Find Three Mutual Friends in a Mathematical Society

166 Views Asked by At

I am having trouble with the following combinatorics/graph theory problem:

A mathematical society has three divisions (Pure, Applied, and Statistics), and exactly $n$ mathematicians in each division. Every mathematician has at least $n+1$ friends outside of their division. Prove there exist three mathematicians, one in each division, who are all friends.

This was a problem after the chapter about the Extreme Value Principle, which involves using the fact that every finite set of numbers has a minimum and maximum. Of course, there are lots of potential ways to apply this ("consider the mathematician with the most friends...", or "consider the longest chain of mathematicians, each friends with the next..."), but all the ways I've tried have been fruitless.

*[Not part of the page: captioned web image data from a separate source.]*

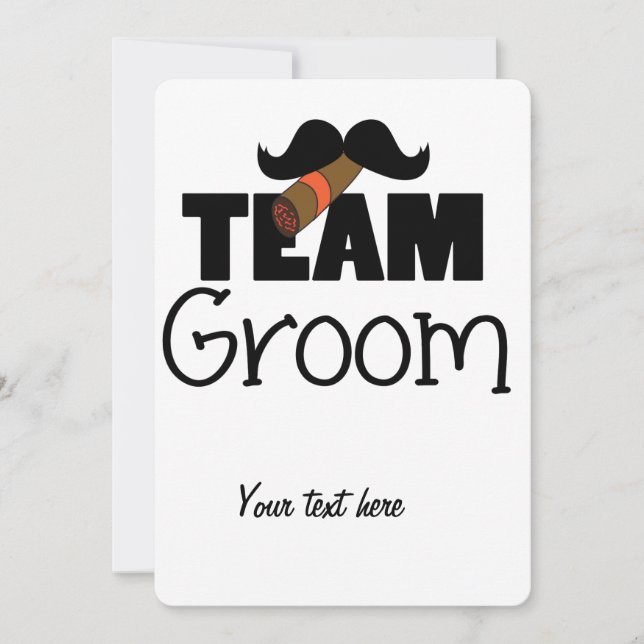 Team Groom (Vorderseite)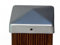 Pfostenkappe Schutzkappe Zierkappe Pyramide Zaunkappe Pfahlkappe VCI (für Pfosten 7x7 cm (71x71 mm))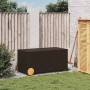 Garten-Aufbewahrungsbox mit Rollen, braunes PE-Rattan, 190 l von , Aufbewahrungsboxen für den Außenbereich - Ref: Foro24-3653...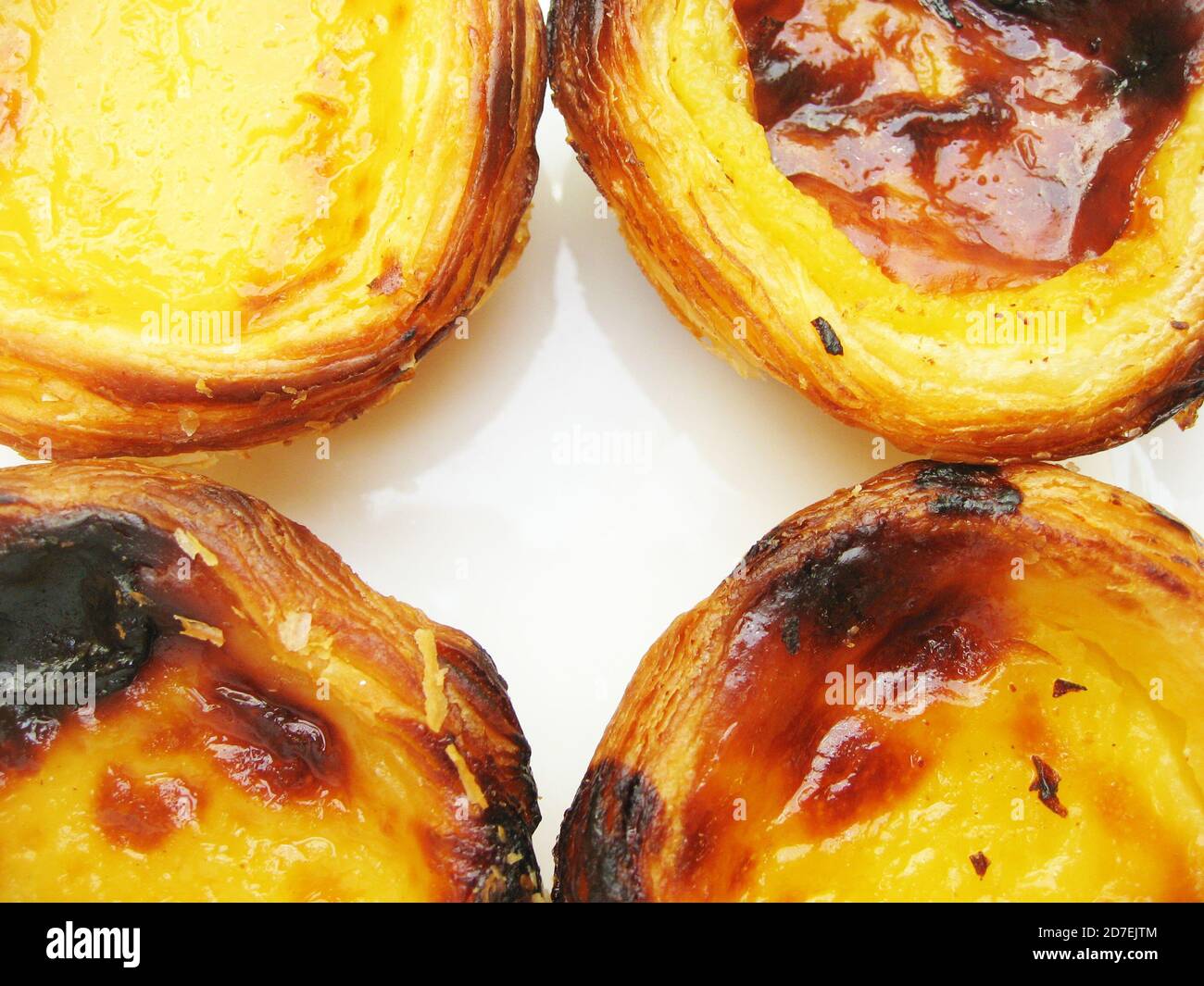 Traditional Lisbon custard tarts, Pastel de Belem Stock Photo Alamy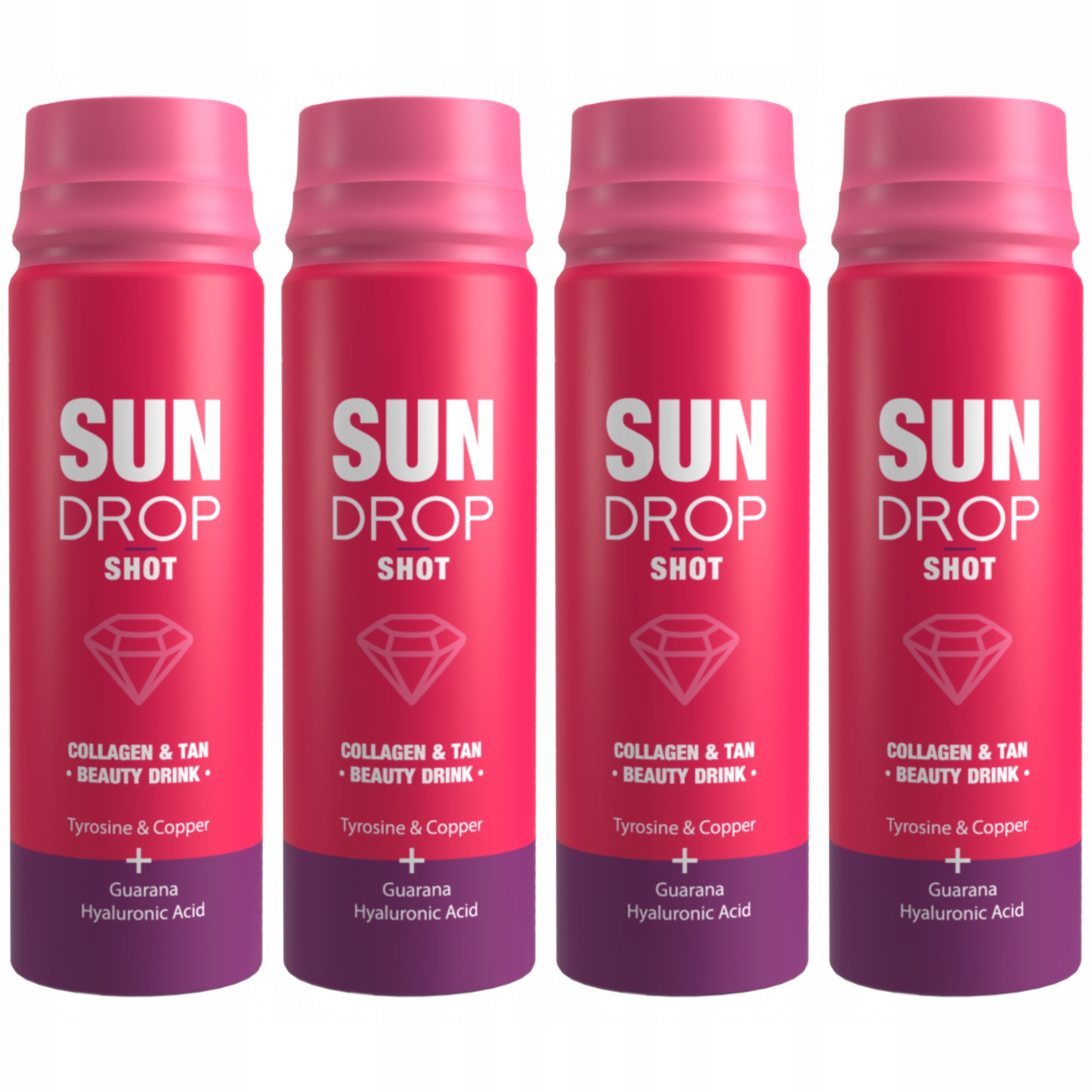 Sun Drop Collagen & Tan Shot x4szt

There is some sort of clever insight needed to solve this problem that I am missing. I would appreciate any hints in the right direction.

1

There are 1 best solutions below

1
On BEST ANSWER

Denote the divisions by $D_1,D_2,D_3$. Consider the mathematician $v\in D_1$ with the greatest difference between the number of friends in each division. Call this difference $k$. Denote the friends of $v$ in $D_2$ by $A$, and his friends in $D_3$ by $B$. WLOG let $|A|\geq|B|$. Then $|A| = \frac{n+1+k}{2}$ and $|B| = \frac{n+1-k}{2}$.

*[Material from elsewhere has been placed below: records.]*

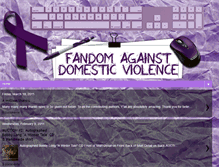 Tablet Screenshot of fandomagainstdomesticviolence.blogspot.com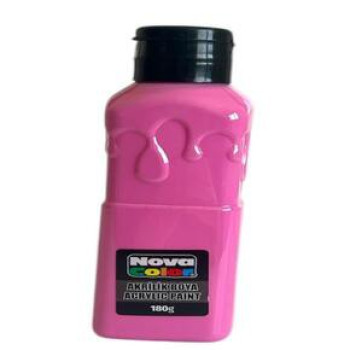 NOVA COLOR NC-1010 PEMBE AKRİLİK BOYA 180 GR*72 NOVA COLOR NC-1010 PEMBE AKRİLİK BOYA 180 GR*72
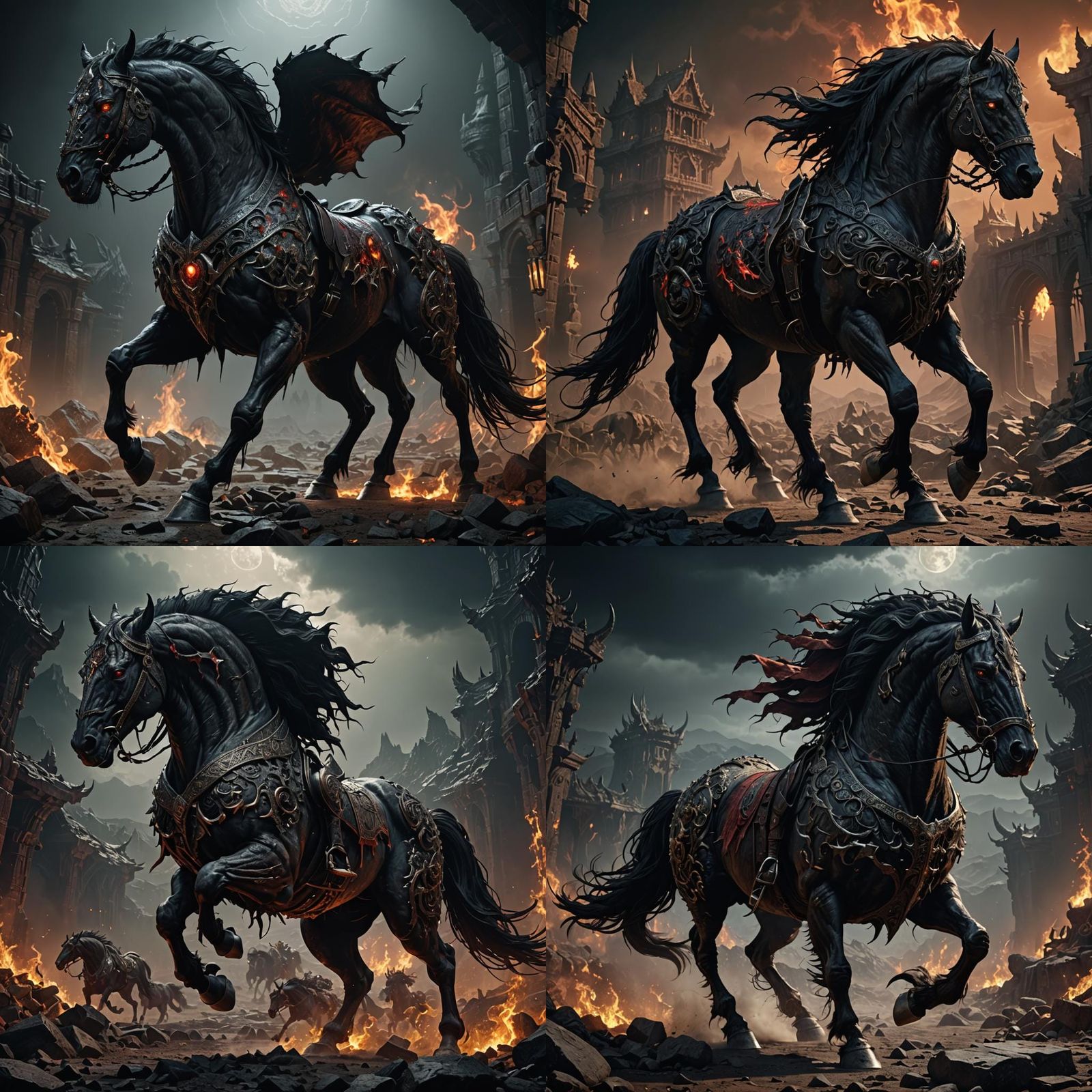 Horse of the Nine Hells - AI Generated Artwork - NightCafe Creator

Let $u$ be in $B$. Denote the friends of $u$ in $D_2$ by $C$. By the maximality of $k$, the number of friends of $u$ in either division must be between $|B|$ and $|A|$ since the total number of friends is a constant $n+1$. In particular, $|B|\leq|C|\leq|A|$, so $|C| + |A| \geq n+1$. This means that $|A\cap C|\geq 1$. Let $w$ be in $A\cap C$, then $u, v, w$ is the required group of friends.